Parlarono del più e del meno. Poi, quest’ultimo disse che avevo visto i Tedeschi rastrellare tutti gli Ebrei della zona e, caricati su treni merci li avevano fatti partire per ignote destinazioni.

La discussione si fermò su tale argomento. Li mandavano ai lavori forzati? Improbabile: perché avrebbero fatto partire anche donne, vecchi, bambini? Per popolare chissà quale landa deserta? Ancor più improbabile. Ugo Legnani, aveva un fratello Gesuita in Svizzera che ogni tanto andava a trovare. Lì pareva che arrivassero dalla Germania voci e notizie di orrori inimmaginabili. Tali da rendere possibile ogni altro orrore che si affermasse commesso in quella Nazione. Si disse quindi sicuro che quei poveretti erano mandati a morire. Era in corso uno sterminio.

Ma, disse non so chi, allora perché li mandavano via in treno? Con le difficoltà per i trasporti di quei giorni, sembrava che farli viaggiare per ammazzarli, poi, chi sa dove, non aveva troppo senso.

Ricordo il Prof. Pierantozzi. Diventò rosso in faccia per lo sforzo, si sarebbe detto, di non urlare (si era esposti ad orecchie pericolose). Disse con gran foga: “Perché? Perché? Perché siamo tutti dei vigliacchi, degli ipocriti, perché ci basta che qualsiasi orrendo delitto sia compiuto lontano dalla nostra porta di casa per restarcene tranquilli come se niente stesse accadendo!     Per questo vanno ad ammazzarli lontano”.

Ricordo qualcosa degli sguardi che si scambiarono mio Padre e gli altri. Il loro silenzio pesò su di noi tutti. Sentivamo che aveva ragione il Professore.

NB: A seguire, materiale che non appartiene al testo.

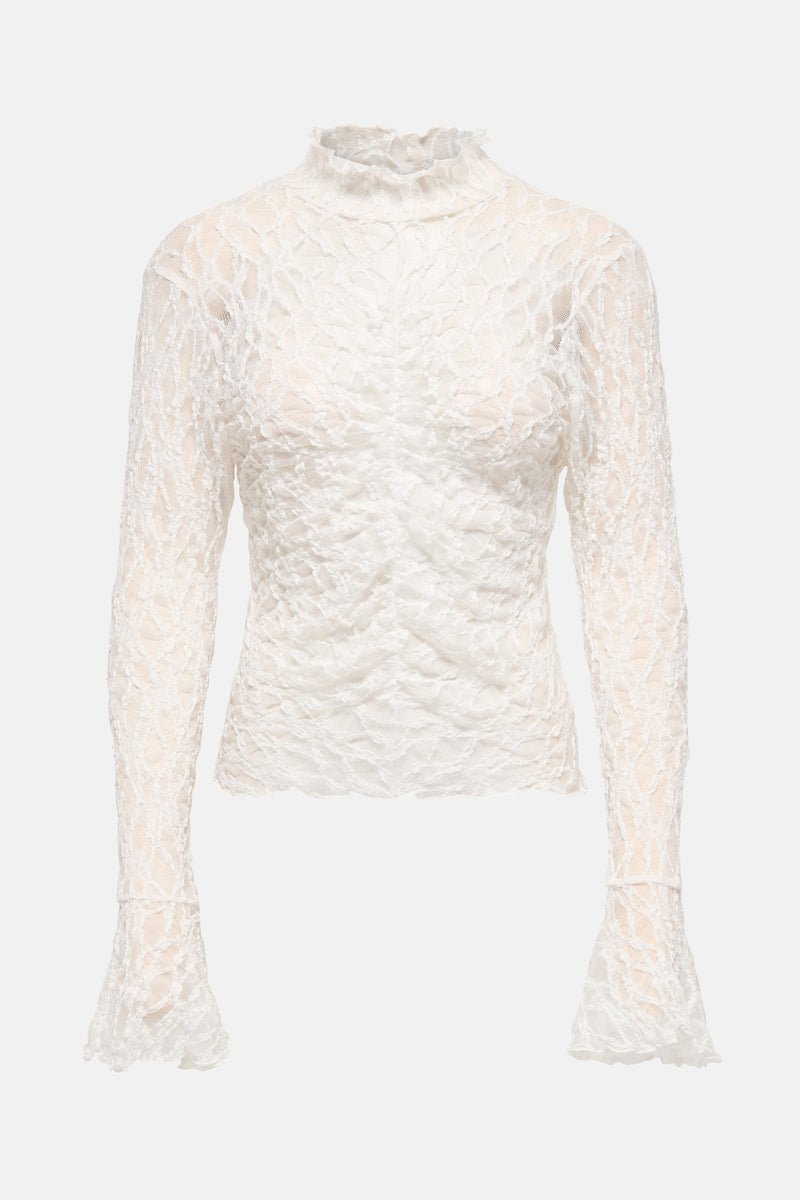 T-shirt à manches longues blanc de JDY, en dentelle à col montant et manches évasées.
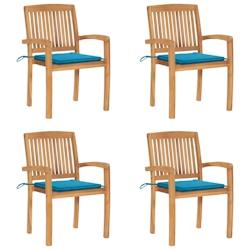 VidaXL Chaises De Jardin Empilables Avec Coussins Lot De 4 Teck Solide - bleu 3073214_0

Si era fatto tardi, ci salutammo e con mio Padre ce ne andammo a pranzo a casa (Piazza Leandra). Non ci scambiammo una sola parola. Dopo più di due anni mio Padre leggendo sui giornali a guerra finita degli orrori dei campi di sterminio mi disse. “Ti ricordi quel giorno a Civitavecchia? Ortensio aveva ragione… Ha ragione…”.